Objectifying Visual Language in Autobiographical Comics

By: Adam Whybray


Volume: 07
Issue: 02:2021
ISSN: 2459-2943
DOI: 10.18680/hss.2021.0018
Pages: 73-95
Lic.: CC BY-NC-ND 4.0
Autobiographical comics
Graphic novels



Critiques of the objectification of female characters in comics have often focused upon depictions within the superhero genre (cf. Avery-Natale 2013; Cocca 2014; Nelson 2015). Such arguments adopt the framework of Laura Mulvey’s ‘Male Gaze’ (1975) to assess the costuming, physical physique, and narrative role given to such characters.

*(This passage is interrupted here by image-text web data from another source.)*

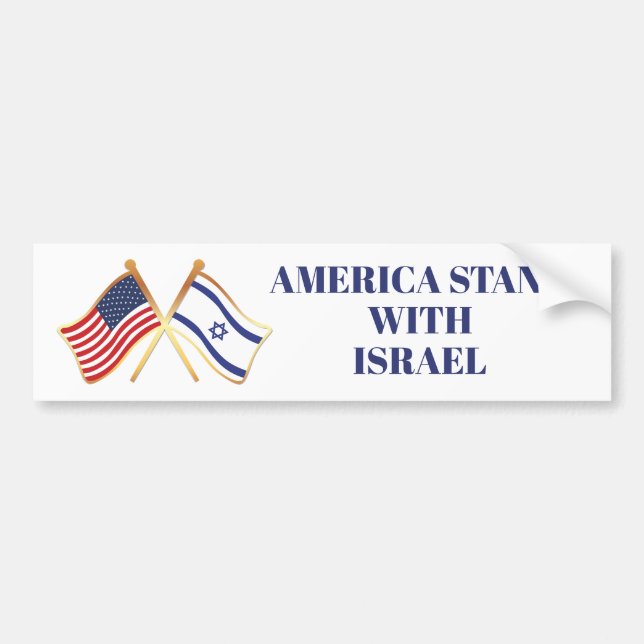 Amerika står upp med Israels Flagga för frihet Bildekal (Framsidan)
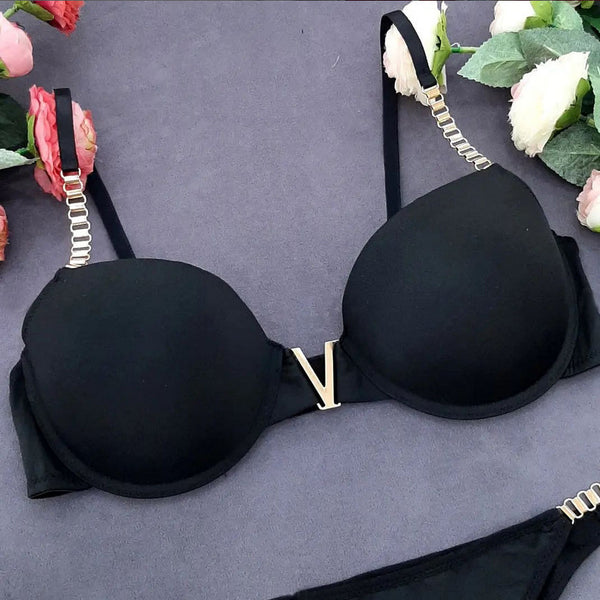 LinMart High Quality New Style Chain Straps Front Metal V buckel Bra & Panty Set 195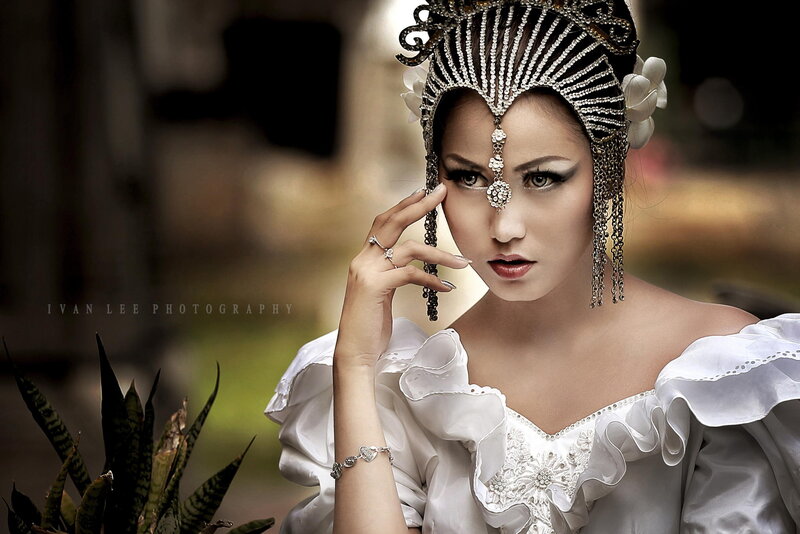 Woman in Ornate Headpiece — White
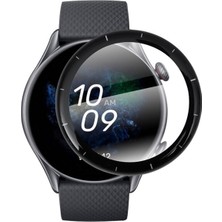 Microcase Amazfit Gtr 3 Tam Kaplayan Kavisli Ekran Koruyucu 3D Pet Film - Siyah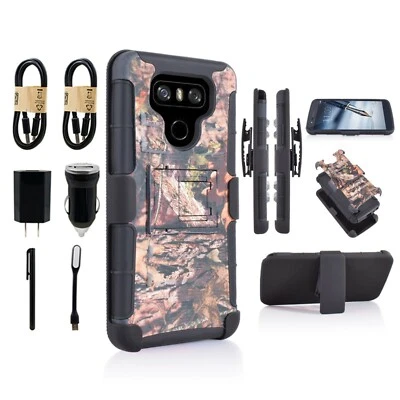 Bundle+ For LG G6 Shockproof Hybrid Camo Armor Holster Belt Clip Kickstand Case - Image 1 of 4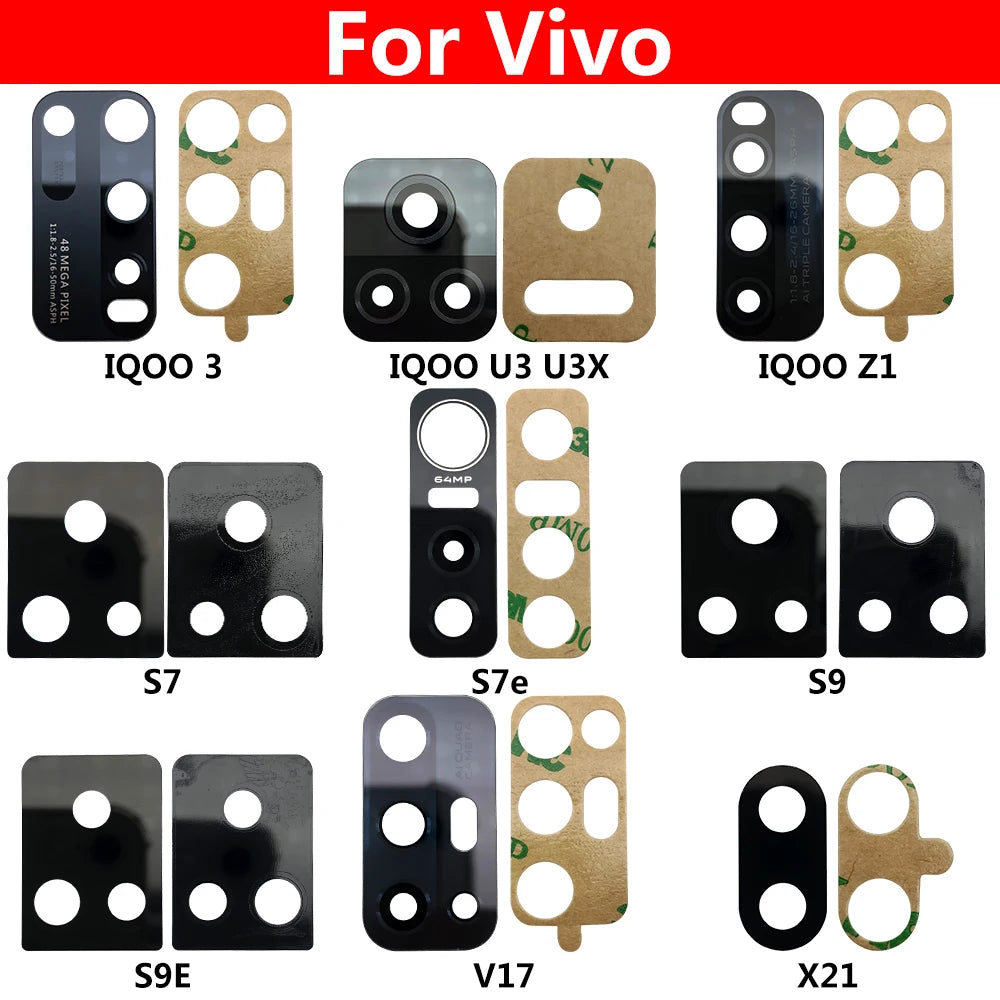10Pcs/Lot, Back Rear Camera Glass Lens With Adhesive For Vivo IQOO 3 U3 Z1 S7 S9 S9e V17 X21 X50 Y9S Y20 Y31 Y51 Y51S Y73S Y93S Vivo phone repair parts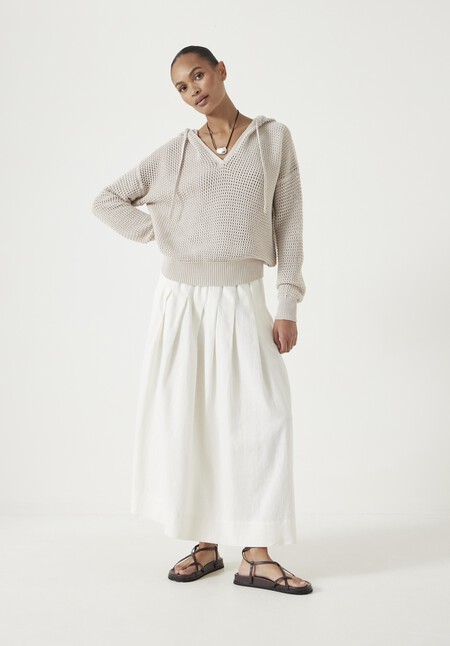 Open Stitch V Neck Hoodie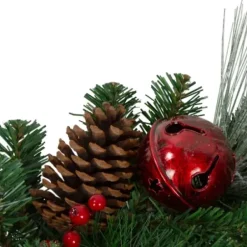 Arrangements & Greenery-Kirkland's Home Pinecone, Plaid, & Houndstooth Christmas Garland Green/Red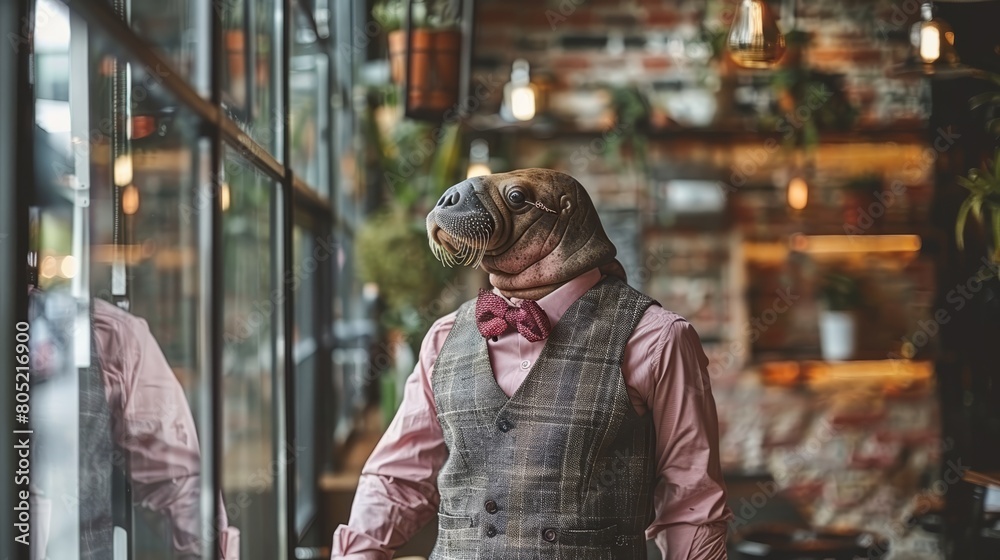 A dog in vest and bow tie stands before a window, brick wall behind A dog in vest and bow tie stands before a window, brick wall behind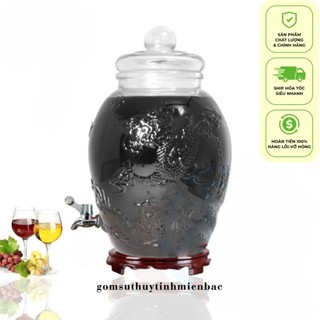 Bình thuỷ tinh 30 lít ngâm rượu hoạ tiết Rồng Phượng - Có van và Không van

In one comment on similar controversies, Neil Cohn (2014) has argued for a greater emphasis upon the visual language used in objectifying depictions that does not get caught up in debates over realism since, he argues, comics are unconcerned with reality. Autobiographical comics, however, now form a significant part of the comics market and scholarship (cf. Schlichting and Schmid 2019). A tension exists between the rhetorical mode of visual metaphor exploited by comics (cf. Venkatesan and Saji 2021) and the appeal to authenticity made by non-fiction (cf. El Refaie 2012). Focusing on autobiographical comics – here, some published between 1991 and 2018 – allows us to assess how sexual objectification operates within comics without the issue being clouded by irresolvable appeals to reality in the fundamentally escapist/fantastic superhero genre. The visual language in the comics by Chester Brown, Joe Matt, and David Heatley has been criticized for reducing the ‘other’ to a series of more stagnant, occluded, and restrictive graphic patterns than afforded to their author surrogates. Ariel Schrag’s work, meanwhile, points towards possible means of avoiding such tendencies in future autobiographical comics.